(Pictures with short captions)
..............................
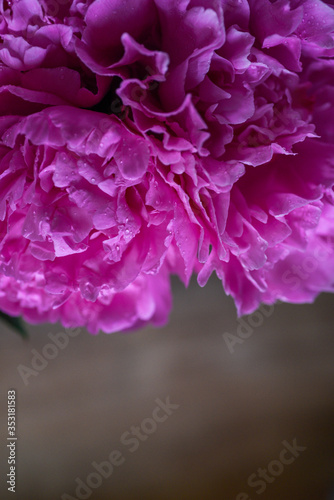 Floral background of fresh pink peonies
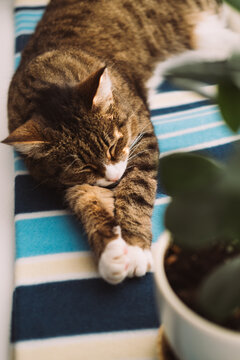 A relaxed tabby cat lies on a striped blanket. The cat has brown and black fur with white paws. A green plant is visible nearby.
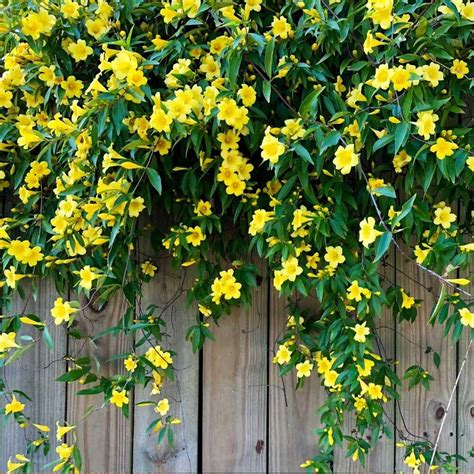 Lowest Price And 24h Ship Yellow Carolina Jasmine Live Plant In 4” Pot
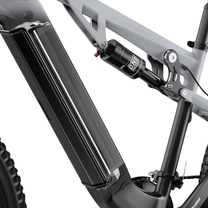 Batteria della Duotts E29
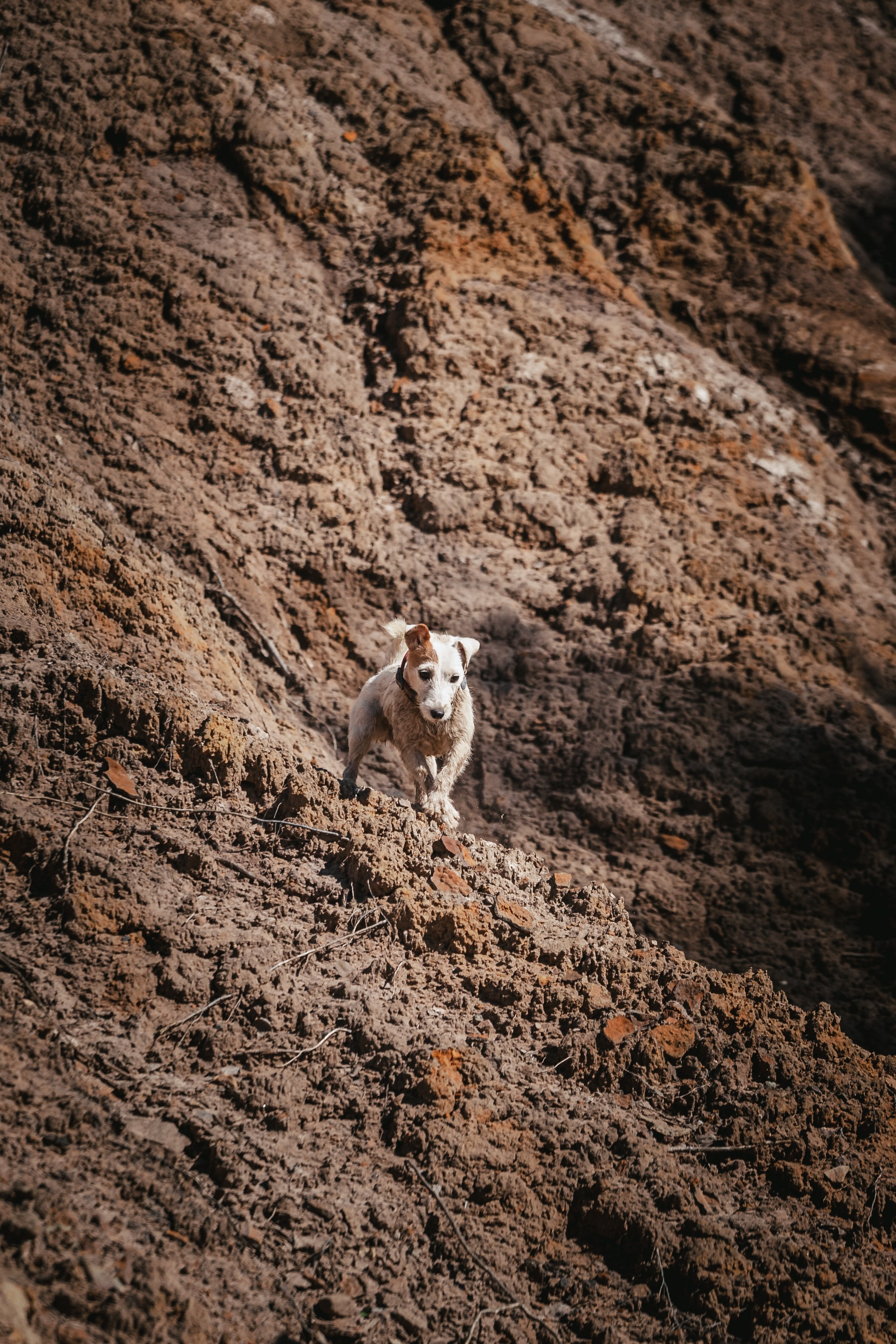 Кондуки. Фотограф-анималист Татьяна Степанова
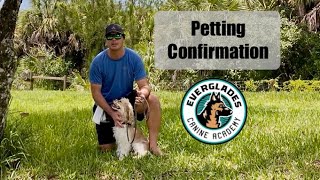Petting Confirmation or Consent Test | Cocker Spaniel | God Training | Naples FL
..............................
• _Requirement_: The expected result is the data above in exact form, free of pictures.

• _Result of this exercise_:
 Floral background of fresh pink peonies
 A relaxed tabby cat lies on a striped blanket. The cat has brown and black fur with white paws. A green plant is visible nearby.
 Lowest Price And 24h Ship Yellow Carolina Jasmine Live Plant In 4” Pot
 Batteria della Duotts E29
 Кондуки. Фотограф-анималист Татьяна Степанова
Petting Confirmation or Consent Test | Cocker Spaniel | God Training | Naples FL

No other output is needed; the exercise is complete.